Supplied data Block Start

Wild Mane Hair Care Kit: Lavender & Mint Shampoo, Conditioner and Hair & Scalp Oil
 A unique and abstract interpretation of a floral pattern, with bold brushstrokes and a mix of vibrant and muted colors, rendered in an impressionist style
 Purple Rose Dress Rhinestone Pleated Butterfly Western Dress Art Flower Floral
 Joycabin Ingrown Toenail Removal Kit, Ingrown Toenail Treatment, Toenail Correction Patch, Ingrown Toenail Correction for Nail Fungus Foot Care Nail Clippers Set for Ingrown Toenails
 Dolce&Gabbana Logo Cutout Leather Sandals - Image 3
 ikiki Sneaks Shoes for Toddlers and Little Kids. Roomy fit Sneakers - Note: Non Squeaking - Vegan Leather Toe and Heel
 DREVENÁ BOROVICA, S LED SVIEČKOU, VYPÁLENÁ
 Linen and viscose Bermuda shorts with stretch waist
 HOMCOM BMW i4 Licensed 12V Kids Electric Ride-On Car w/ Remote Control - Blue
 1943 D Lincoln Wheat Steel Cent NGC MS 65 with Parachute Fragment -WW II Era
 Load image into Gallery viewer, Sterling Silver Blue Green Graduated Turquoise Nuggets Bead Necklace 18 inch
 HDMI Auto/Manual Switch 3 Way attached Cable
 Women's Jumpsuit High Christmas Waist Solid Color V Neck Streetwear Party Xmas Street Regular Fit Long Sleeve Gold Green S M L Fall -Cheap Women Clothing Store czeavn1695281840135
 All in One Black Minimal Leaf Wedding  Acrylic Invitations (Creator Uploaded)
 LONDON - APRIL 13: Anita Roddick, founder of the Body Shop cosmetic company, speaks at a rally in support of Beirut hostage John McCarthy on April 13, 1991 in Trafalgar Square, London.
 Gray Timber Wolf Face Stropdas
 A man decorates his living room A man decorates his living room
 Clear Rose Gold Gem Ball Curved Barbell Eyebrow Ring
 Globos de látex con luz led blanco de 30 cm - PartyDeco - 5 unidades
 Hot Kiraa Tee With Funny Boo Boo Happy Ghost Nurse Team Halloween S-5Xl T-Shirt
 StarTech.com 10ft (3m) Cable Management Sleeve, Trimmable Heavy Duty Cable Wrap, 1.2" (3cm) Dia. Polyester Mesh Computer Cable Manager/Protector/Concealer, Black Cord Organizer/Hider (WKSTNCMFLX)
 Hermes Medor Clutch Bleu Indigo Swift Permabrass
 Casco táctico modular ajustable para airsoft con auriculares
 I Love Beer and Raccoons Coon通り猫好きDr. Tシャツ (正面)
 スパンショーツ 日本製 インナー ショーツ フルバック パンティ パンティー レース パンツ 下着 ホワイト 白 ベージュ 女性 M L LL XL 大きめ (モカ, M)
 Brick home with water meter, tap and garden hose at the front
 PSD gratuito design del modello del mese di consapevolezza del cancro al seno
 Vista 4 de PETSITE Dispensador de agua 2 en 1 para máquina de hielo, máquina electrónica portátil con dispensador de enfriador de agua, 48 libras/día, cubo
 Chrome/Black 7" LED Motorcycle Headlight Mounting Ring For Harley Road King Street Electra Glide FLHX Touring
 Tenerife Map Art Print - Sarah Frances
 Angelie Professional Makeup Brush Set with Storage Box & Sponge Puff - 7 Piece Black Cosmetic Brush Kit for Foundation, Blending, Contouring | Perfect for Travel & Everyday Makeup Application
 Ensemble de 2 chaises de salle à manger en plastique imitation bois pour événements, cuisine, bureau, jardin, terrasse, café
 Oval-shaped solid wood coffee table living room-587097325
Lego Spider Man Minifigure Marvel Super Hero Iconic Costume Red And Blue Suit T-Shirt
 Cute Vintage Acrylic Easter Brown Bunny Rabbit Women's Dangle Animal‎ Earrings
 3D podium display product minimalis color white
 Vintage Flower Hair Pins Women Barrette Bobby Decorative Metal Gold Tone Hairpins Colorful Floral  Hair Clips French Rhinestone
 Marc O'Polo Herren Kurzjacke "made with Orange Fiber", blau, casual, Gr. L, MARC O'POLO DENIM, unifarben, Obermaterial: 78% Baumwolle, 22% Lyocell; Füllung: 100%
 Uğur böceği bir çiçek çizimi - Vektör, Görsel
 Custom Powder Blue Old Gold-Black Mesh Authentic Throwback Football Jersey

Supplied data Block End

**Task directions:** On how many lines of the listing does the string "Vintage" occur? Give the number by itself.

**Final answer:** 2